RK: Well, I guess the thing is that you would hope that people would have the right to individual determination if they did something wrong or not wrong, and that's the way it's supposed to be instead of en masse being deemed enemies, or "alien enemies" or what have you. So to me, the key point was that the experience that our community felt or suffered under was something that shouldn't happen to others. So when Gulf War number one occurred, I remember there was a group of us from both the Asian Law Alliance, the Nihonmachi Outreach Committee, the Japanese American Citizens League and other groups who kind of came together and had a, kind of a solidarity press conference with Arab Americans and others. Same thing was true after 9/11 and some of the, during the next Gulf War, that there's been those kind of efforts. And I can remember being at a, on a panel down at Santa Cruz. I think it was after Gulf War number one, and you know there were Arab Americans and others, and my part was kind of to talk about how the internment of Japanese Americans, and how it occurred and what the impact was, and then the other members of the panel were speaking about how they have felt after the war had started and how they felt that they were being targeted by the FBI or being, they were under suspicion. And so I think that panel discussion was a very lively one where people from Santa Cruz were there listening, and I think they got a lot out of it as well as I did, just listening in the first person to some Arab Americans in terms of some of the issues and concerns they felt at that time when the war had broken out in the Gulf.

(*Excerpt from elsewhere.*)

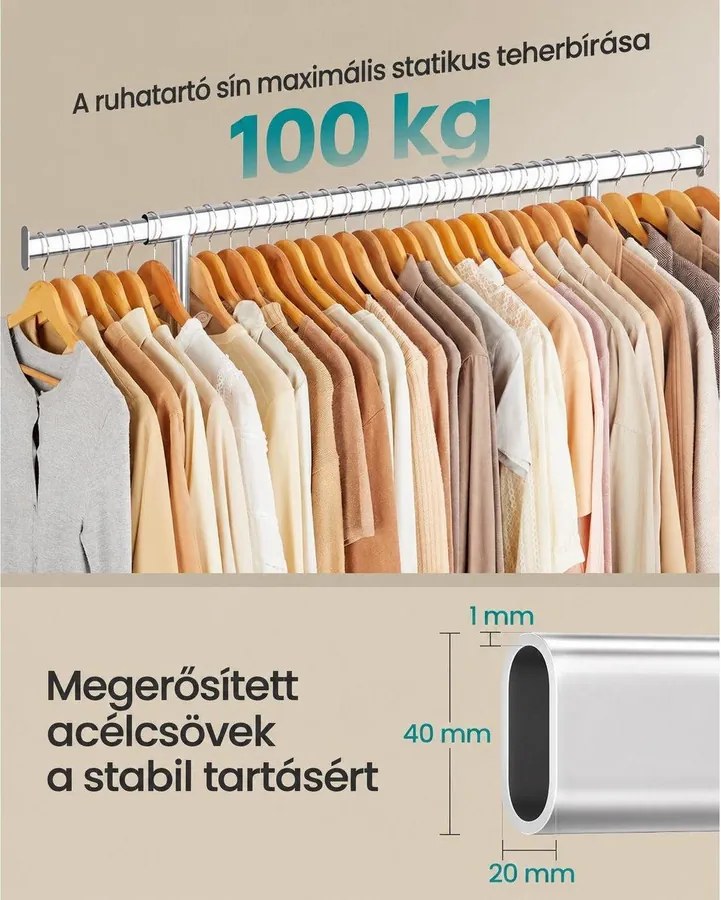 Gurulós ruhatartó kihúzható 92–132 cm-es ruharúddal, 90 kg, ezüst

TI: And is the connection, what you said earlier, was the sense of being, I guess, profiled. Because you're part of a group, you're profiled or you're targeted in a way that, not because of anything you did as an individual, but because of being part of a group? Is that the context that you set up when you do this?

RK: Right. I mean, so again, it's that you're guilty by your, by the color of your skin or your ancestry instead of what you did as an individual.